Enlightenment. Enlightenment is defined as the act of receiving greater knowledge and understanding about a subject or situation. Throughout the trip to the Netherlands, I can definitely say that I have truly been enlightened beyond my expectations. Due to the fact that I was afforded to take this trip as a study abroad class, it gave me the opportunity to ensure that I consistently took note of Dutch culture and history at every turn. This assured use that information to understand how this has affected their infrastructure and transportation system as a whole. Based on their culture, three aspects seem to truly drive a majority of the design solutions: timeliness, collective good, and caring for the most vulnerable.
Timeliness. Though Dr. Watkins had hinted at the timeliness of the Dutch, it was not until our class was in the Netherlands and in the environment that made us understand the gravity of what she meant. Whether our class was in Rotterdam, Delft, Utrecht, or The Hague, the timeliness was so imbedded in the system and culture that it was seen and felt everywhere. For example, all the train departure times were extremely accurate and anyone who was exactly on time or late either struggled to make it on the train on time or missed it, respectively. Additionally, the reliability of timeliness was paramount as well. Thus, even as a major point of information in each conversation that we had, the Dutch assured that timeliness was implemented in the design of the nearly all transportation solutions. For example, one of the main metrics that is used to determine the successfulness of the initiatives that they try to implement are related to assuring that people are given multiple modes of transportation to meet the needs of such a compact nation. Therefore, transportation options such as trains, trams, and buses are much more efficient in the Netherlands and is truly driven by this fact as well as the collective good.

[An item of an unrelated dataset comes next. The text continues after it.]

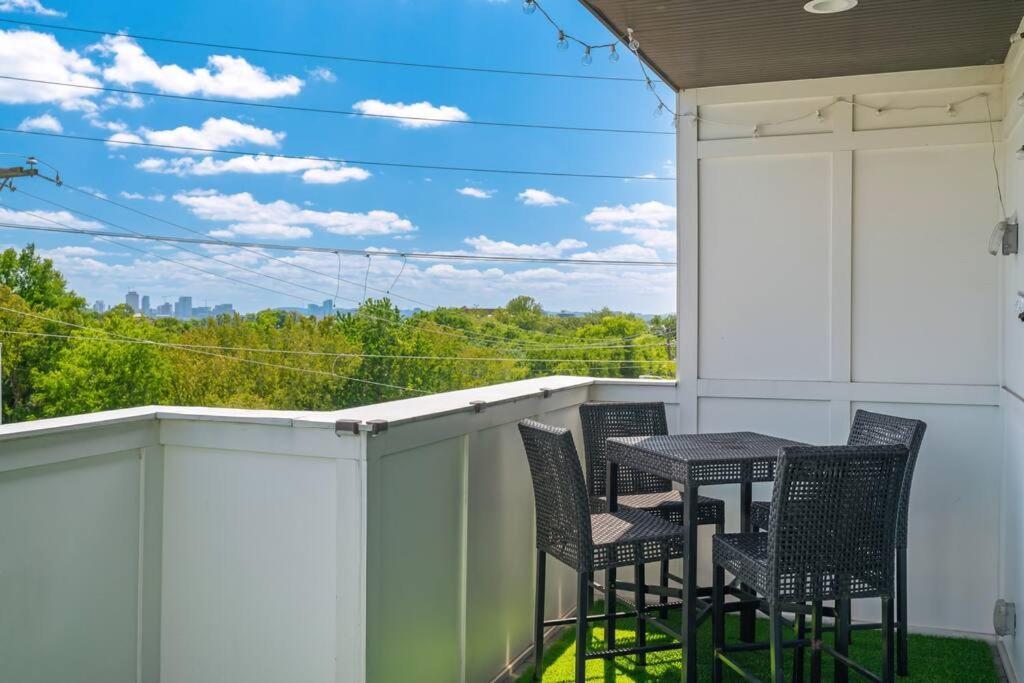 King Bed, Balcony, Covered Patio & Firepit! 8 Minutes From Broadway Nashville Eksteriør billede
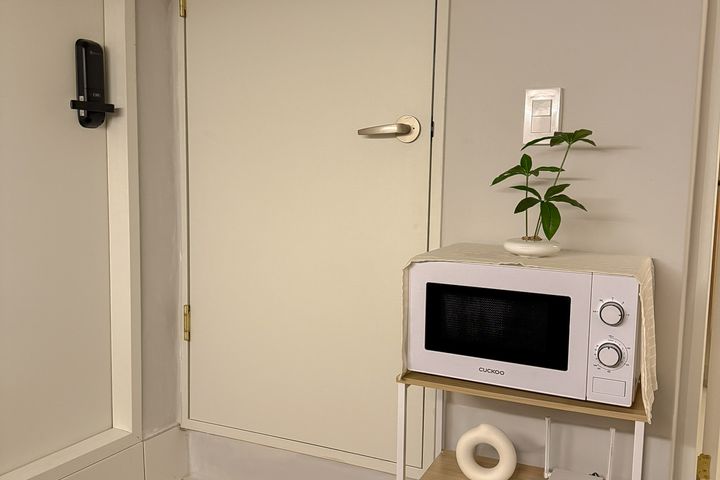 4 minutes to Sogang University, 9 minutes to 10th image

Collective Good. During much of the conversations with professionals and academics, it was evident that the Dutch had a more cohesive idea that collective good was not only important but necessary for the advancement of the society. In a variety of ways, their more socialist ideology attributes to this idea substantially. For example, whether it was when the people collectively protested against cars due to extremely high childhood death rates or the government understanding that it would need to use resources to truly ensure that the flooding disaster of 1953 never happened again, much of the design of the infrastructure is a direct result of action by the public to ensure that the public collective good is upheld whether it would originally be sacrificial on a more individual level. Therefore, this ideology is truly the basis of their bicycling infrastructure. The collective good that a robust bike infrastructure ensures--even if it means to take away some of the dominance of the cars--is worth the benefit. For example, much of the infrastructure is based on the separation of speeds rather than extremely focused on separation of modes as paramount; thus, there is always a location for bikes in the system and always a safe route in which these bikes can travel. Additionally, the collective good that aided the design of the road has in itself influenced the culture as well. With many of the roads, the cars truly respect the vulnerability of the bikes and pedestrians and understand that it is necessary to properly yield to them in nearly all situations. Moreover, due to the fact that many more bikers can be serviced in the span of a green light green time than that of cars, the Dutch have implemented a system that makes cars yield to bikes in nearly every situation--especially at intersections and roundabouts.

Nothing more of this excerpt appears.